Siphash is a cryptographic function with all the properties we would desire here: https://eprint.iacr.org/2014/722

It is generally suitable any place a cryptographic hash would be used where the small output size wouldn’t be an issue. This is a fine example of such a location, similar to hash tables where the table’s smallness makes a larger hash output irrelevant, with only a few hundred peers a 64 bit hash will reliably distinguish them.

TheBlueMatt commented at 6:13 am on May 23, 2016: member

In principal, yes, SipHash was designed to be effectively a cryptographic hash with small output size, but I don’t want to fall into the trap of calling something a cryptographic hash when it has only had one or two cryptanalyses published. If we care about the performance difference here, I’d say it’s fine, but I’m not sure that we do?

On May 22, 2016 10:19:47 PM PDT, Gregory Maxwell notifications@github.com wrote:

Siphash is a cryptographic function with all the properties we would desire here: https://eprint.iacr.org/2014/722

It is generally suitable any place a cryptographic hash would be used where the small output size wouldn’t be an issue. This is a fine example of such a location, similar to hash tables where the table’s smallness makes a larger hash output irrelevant, with only a few hundred peers a 64 bit hash will reliably distinguish them.

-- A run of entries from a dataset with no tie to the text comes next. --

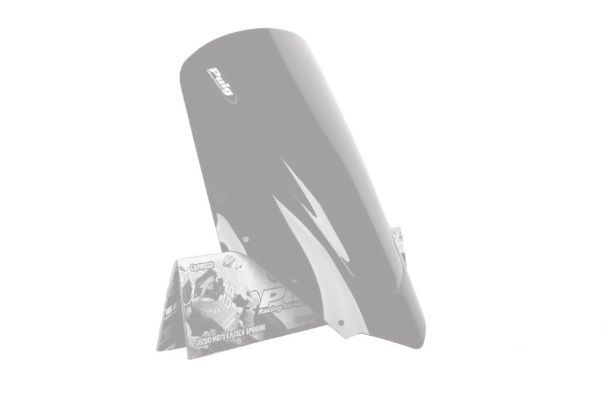 Windscreen PUIG RACING 4061F dark smoke
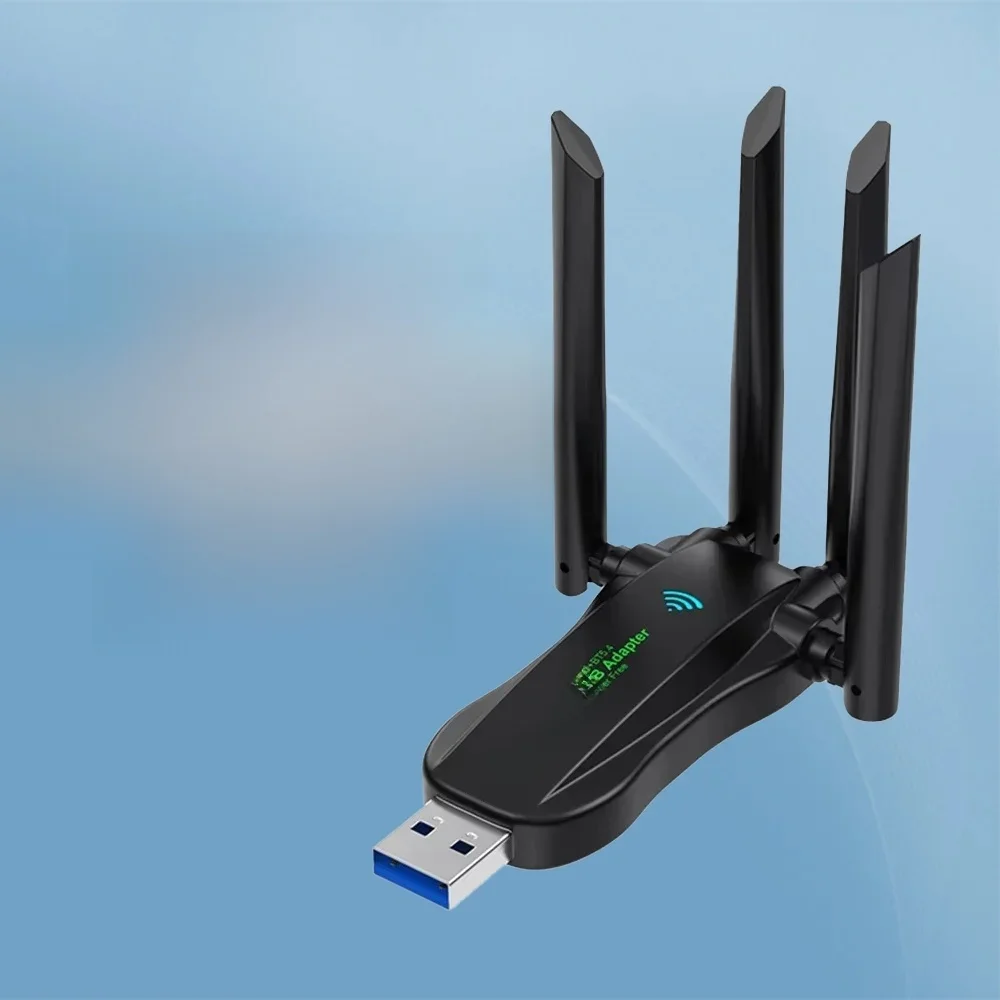 AX900 WiFi USB adaptateur WiFi6 Bluetooth 5.4 double bande 2.4G + 5.8Ghz 4 antenne Dongle USB récepteur de carte sans fil pour PC/ordinateur portable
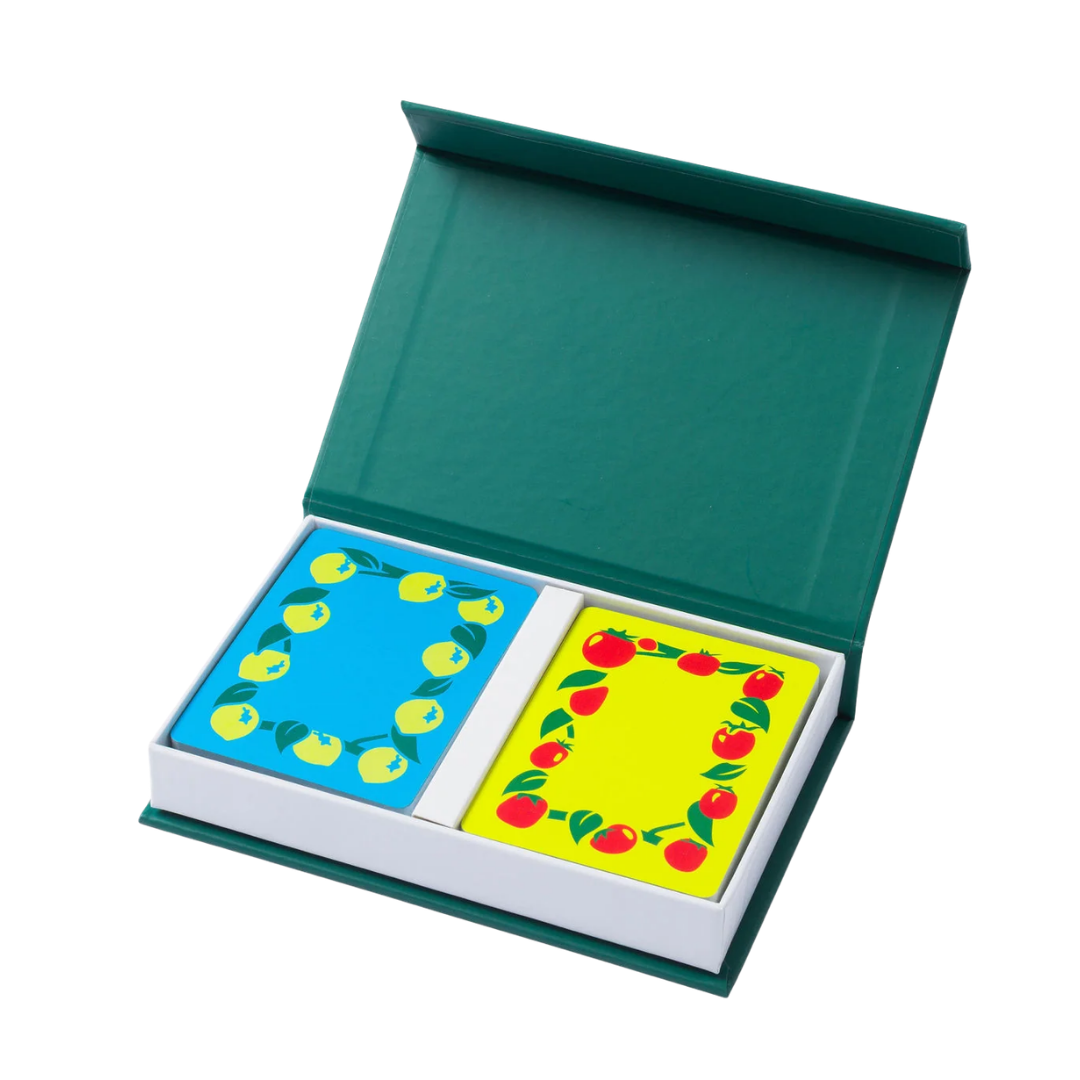 Playing cards Tomato & Lemon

You are receiving this because you commented. Reply to this email directly or view it on GitHub: #8086 (comment)

gmaxwell commented at 6:45 am on May 23, 2016: contributor

Keep in mind that the input is also very small, and the keyspace is very large. It’s likely that this function is nearly a keyed permutation for inputs this small.

As far as performance, with 125 peers and sha256 here it will take about 2,632,000 cycles to run the hashes here. That is about 2ms cpu per inbound connection. It’s not negligible.

(Though sipa should perhaps change it to run the hashing in the pre-processing step instead of in the comparison for a 2*log2(n) speedup– or better, store it in cnode and compute it on connect to make it O(1) in the number of operations per disconnect.)

pstratem commented at 7:20 am on May 23, 2016: contributor

@gmaxwell I’ll do a fix that still uses SHA256

gmaxwell commented at 9:18 am on May 23, 2016: contributor

Please walk me through the attack you’re imagining here. There are 16 bits of network groups for IPv4, 32 bits for IPv6. In both cases many of the possible values aren’t routable on the internet.. Each node has it’s own 128-bit secret random seed. The node prefers to keep four hosts based on how their netgroup is ordered by a salted hash. The attacker does X and achieves Y. Help me out with the blanks here. :)

pstratem commented at 10:05 am on May 23, 2016: contributor

@gmaxwell I don’t know but with #8088 the performance difference is going to be basically not measurable.

It’s now reduced to the difference between a single SHA256 vs SipHash and comparison between 256 bits vs 64 bits.

jonasschnelli added the label P2P on May 23, 2016

gmaxwell commented at 6:18 pm on May 24, 2016: contributor

Come one guys, you can’t throw up a bunch of stop signs for security then fail to actually walk me through your security analysis. We want security but not security cargo cult.

Beyond performance there is a consistency point here, we should use the same cryptographic hash-function in all the cases where we need some non-normative small hash, unless there is a good reason not to. If there is a reason it’s not suitable here, then its likely not suitable in other cases either.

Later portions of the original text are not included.